# Software used to make halloween music?



## Ravenous222 (Dec 30, 2011)

I was wondering, groups like Nox Arcana and Midnight syndicate each have their own distinct sound. Are these just samples and loops they're using I could download or is there a certain software they use to make their music? Thanks for any advice!


----------



## mat (Feb 6, 2012)

They are probably using something like Logic with different virtual instruments and sample libraries.


----------



## Verse 13 (Oct 26, 2010)

Midnight Syndicate and Nox Arcana compose their own music and do not use loops that you can download.
Their setup consists of a computer, a DAW software recording program like Logic, Cubase, or GarageBand (those are just examples), vst. sound libraries (those are the virtual instruments) and a midi keyboard to actually play them. There are hundreds of vst. instrument libraries out there.

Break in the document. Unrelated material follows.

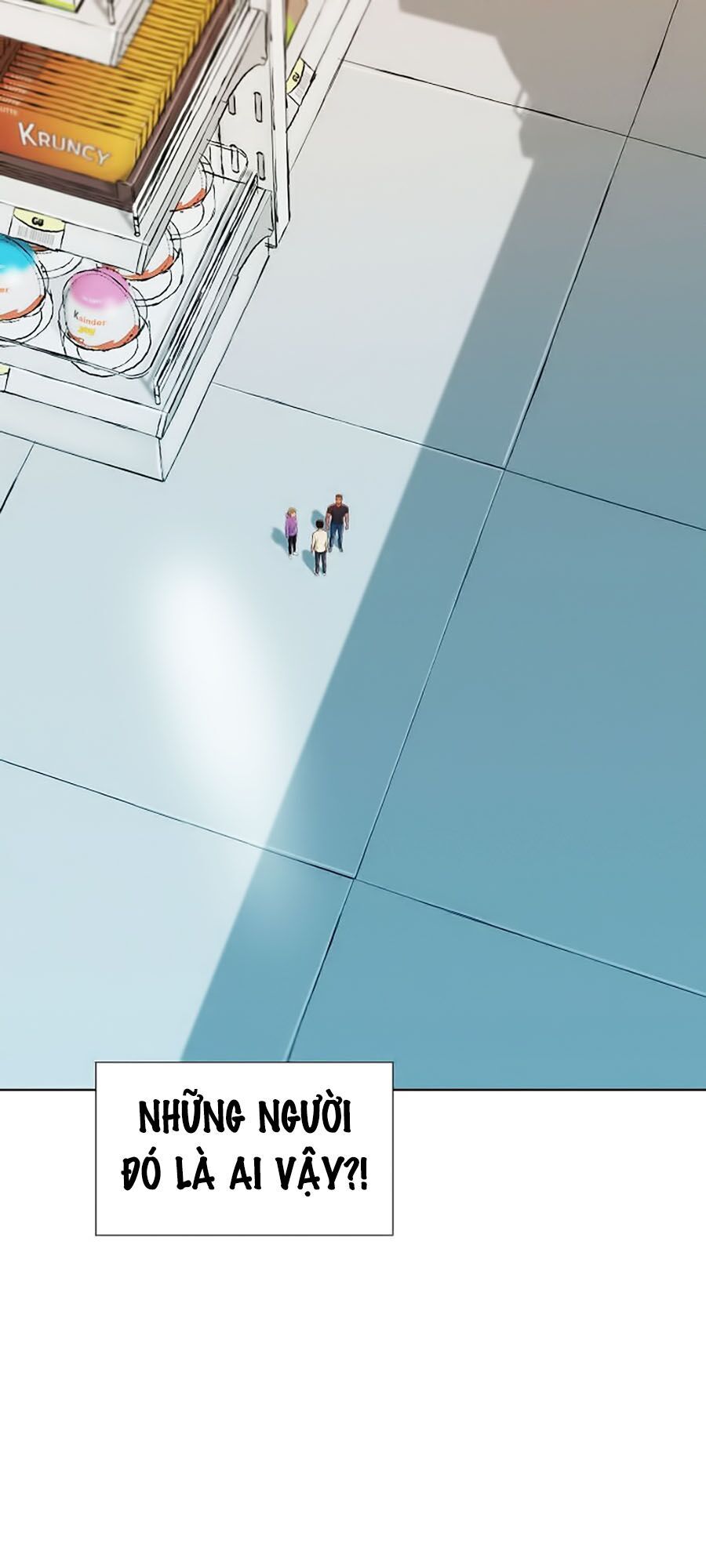 Thợ Săn 3 Cm Chapter 15 - 22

I know for a fact that both Midnight Syndicate and Nox Arcana use products from EastWest. All of the choir stuff you hear from Nox Arcana is generated by an EastWest Quantum Leap program called Symphonic Choirs. Its a not-so-user friendly program that allows you to type in any word and a choir will sing it back to you. EastWest products are very expensive and are made for the pros (and wannabe's like me). These vst's are also extremely ram hungry, so you need a computer that can accommodate their full potential. If you would like to hear what they sound like you can either check out their website at www.soundsonline.com or just search on youtube for compositions that other musicians have posted. A great demo of the EastWest Complete Composers Collection is given by Torley on youtube. Check him out here: http://www.youtube.com/watch?v=8q0ZxFQL9sI

If you would like to hear what the GarageBand vst's sounds like then check out the songs I composed at www.verse13.info
Let me know if you have anymore questions!


----------



## Ravenous222 (Dec 30, 2011)

Verse 13 said:


> Midnight Syndicate and Nox Arcana compose their own music and do not use loops that you can download.
> Their setup consists of a computer, a DAW software recording program like Logic, Cubase, or GarageBand (those are just examples), vst. sound libraries (those are the virtual instruments) and a midi keyboard to actually play them. There are hundreds of vst. instrument libraries out there. I know for a fact that both Midnight Syndicate and Nox Arcana use products from EastWest. All of the choir stuff you hear from Nox Arcana is generated by an EastWest Quantum Leap program called Symphonic Choirs. Its a not-so-user friendly program that allows you to type in any word and a choir will sing it back to you. EastWest products are very expensive and are made for the pros (and wannabe's like me). These vst's are also extremely ram hungry, so you need a computer that can accommodate their full potential. If you would like to hear what they sound like you can either check out their website at www.soundsonline.com or just search on youtube for compositions that other musicians have posted. A great demo of the EastWest Complete Composers Collection is given by Torley on youtube. Check him out here: http://www.youtube.com/watch?v=8q0ZxFQL9sI
> 
> If you would like to hear what the GarageBand vst's sounds like then check out the songs I composed at www.verse13.info
> Let me know if you have anymore questions!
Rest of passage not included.